Writing is so unpleasant. I have too many unfinished drafts and I can’t make any progress on them at all. I can’t complete anything; it’s infuriating. I have that old bad feeling that comes at me from time to time:
- That the preceding period of my life was an embarrassing public spectacle: all of my friends and family, and many complete strangers, watched with either knowing bemusement or bored disgust as a had some kind of childish fit which they recognized clinically, or with the detachment of harried parents. Whatever successes I had were within a scale I now see as artificially reduced: as though if there were accomplishments, they were only so for a toddler; as though I can only hang my hat on “learning the alphabet” and “tying my shoes.” And this is so!

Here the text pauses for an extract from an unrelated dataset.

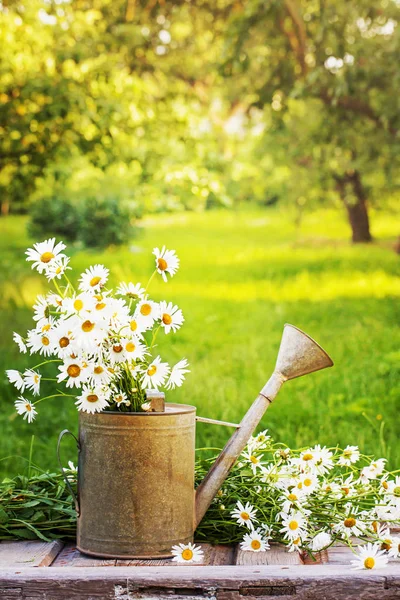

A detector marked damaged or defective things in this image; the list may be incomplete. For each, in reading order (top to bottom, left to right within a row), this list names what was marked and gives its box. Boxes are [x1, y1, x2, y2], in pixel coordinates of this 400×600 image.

- Now, I have been thinking without writing for so long that I don’t know where to begin; I feel like every little essay must begin with “WHAT CAN BE KNOWN” and then segue into “WHAT IS COMPLETELY WRONG ABOUT THE PRESENT AND HOW PEOPLE THINK” before getting to its point, which was what again? Oh, I don’t care about this point, I don’t remember why I was writing about this.
- I can’t distinguish between foolishness and quality in my ideas and writing any longer. I hate everything I’ve ever written; I see the performative personality in it, I see the falseness in it, I loathe it. It is embarrassing to me, what I’ve written.
- I am totally death-obsessed, can’t tolerate writing or art that doesn’t take death seriously (which is so much of it!). I am also cross with history: it is revolting to see the animation of silly memes and superficial ideas on the stage of culture. The most energetic areas of our culture will be utterly absurd to reviewers within decades; everyone is futzing around in error, bounding their art and writing in obedience to the worst of academia, to the legacy of the perverted humanities, to childish and ignorant moralism.
I just have to wait, and it makes me crazy.